MATERIAL PROVIDED:
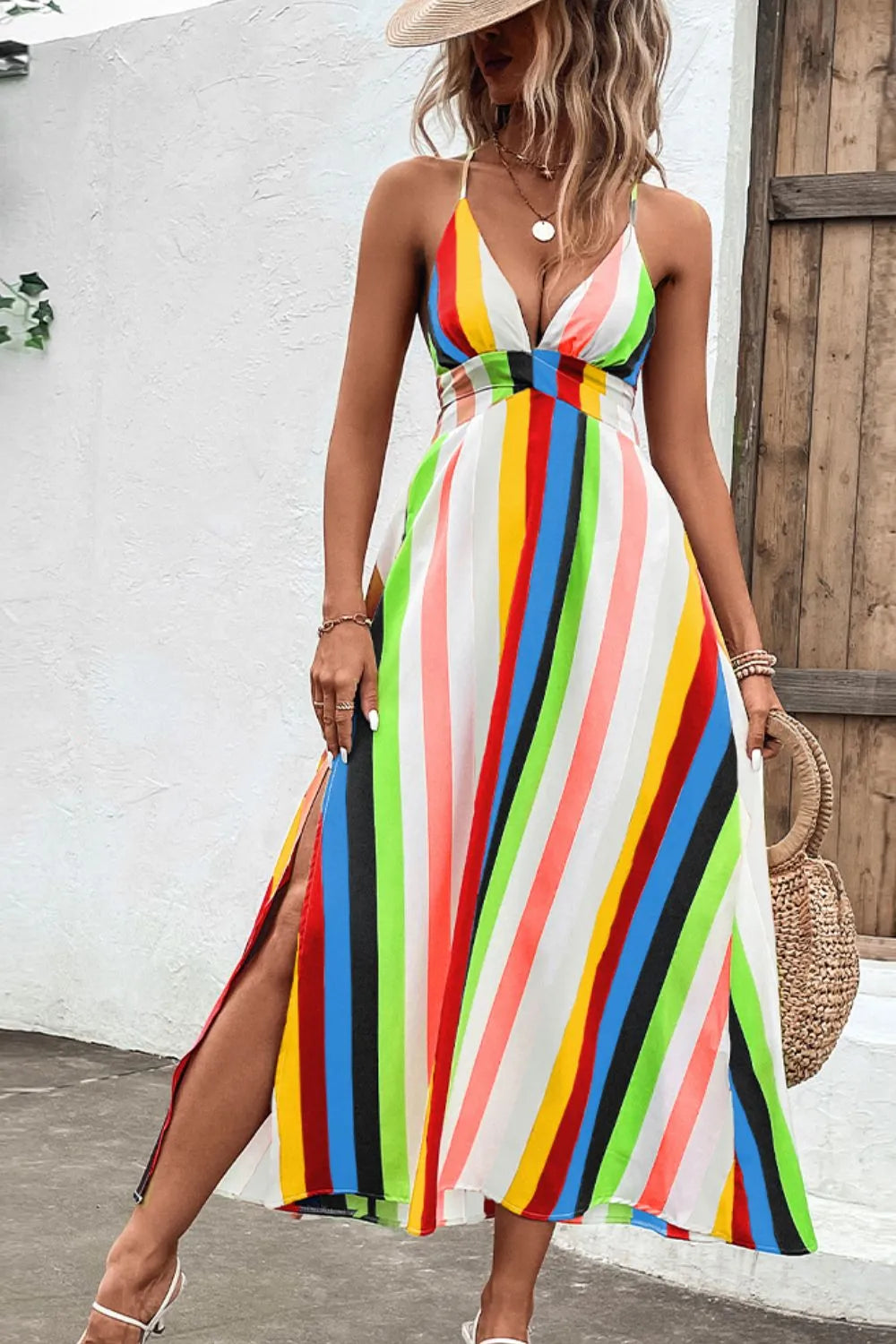 Multicolored Stripe Crisscross Backless Dress Casual Dresses - Tophatter Daily Deals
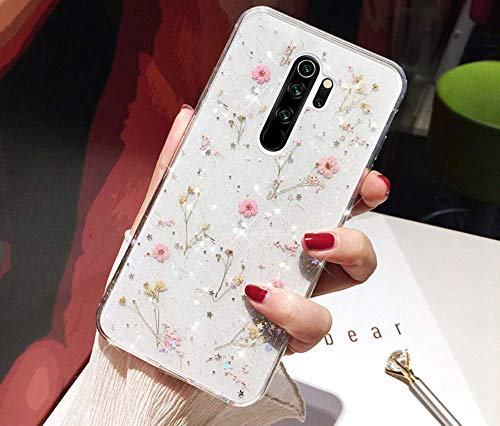 JAWSEU Xiaomi Redmi Note 8 Pro Hülle Glitzer Getrocknete Blumen Handyhülle Transparent Silikon TPU Schutzhülle Transparent Rosa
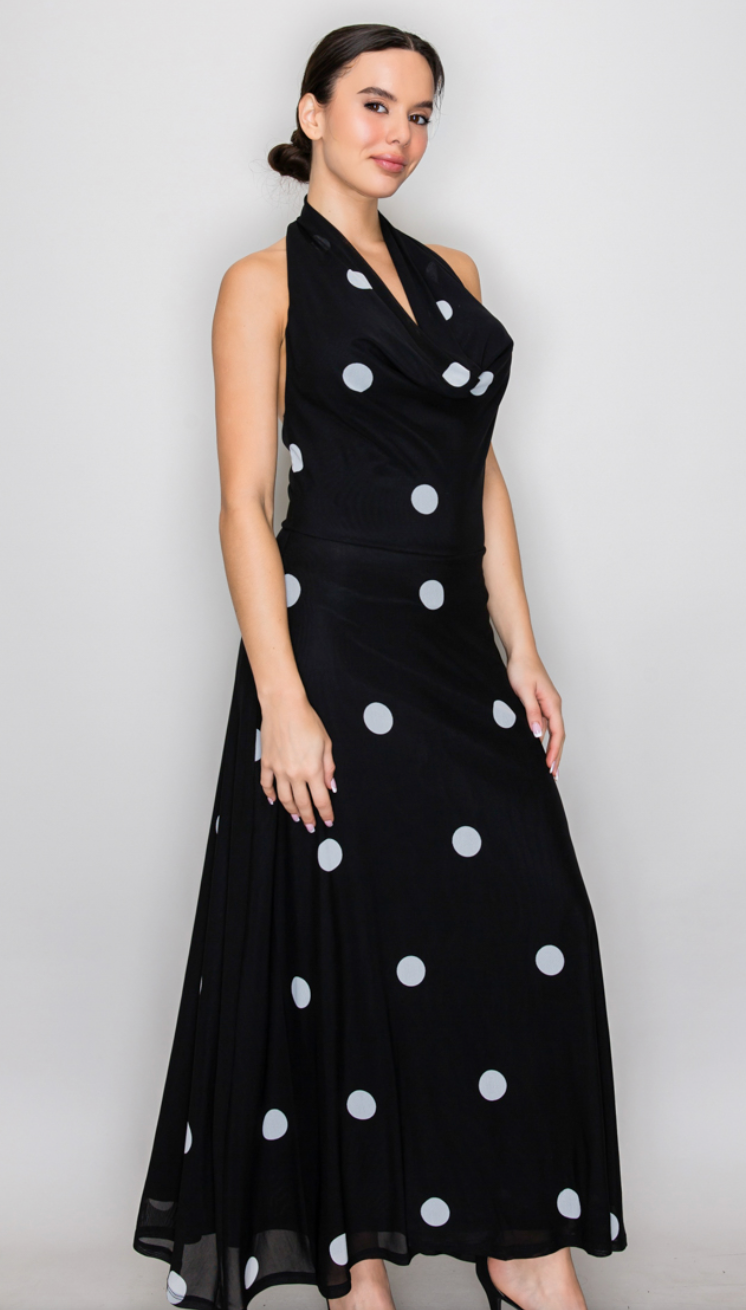 Drape Polka Dot Halter Dress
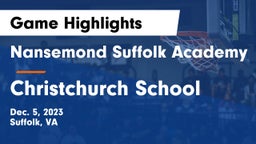 Nansemond Suffolk Academy vs Christchurch School Game Highlights - Dec. 5, 2023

WHAT YOU WILL DO: Write out again, word for word, the lines from the one holding "JAWSEU Xiaomi Redmi" through the final line of the listing, including both ends but no pictures.

EXERCISE RESPONSE:
 JAWSEU Xiaomi Redmi Note 8 Pro Hülle Glitzer Getrocknete Blumen Handyhülle Transparent Silikon TPU Schutzhülle Transparent Rosa
 Drape Polka Dot Halter Dress
 Nansemond Suffolk Academy vs Christchurch School Game Highlights - Dec. 5, 2023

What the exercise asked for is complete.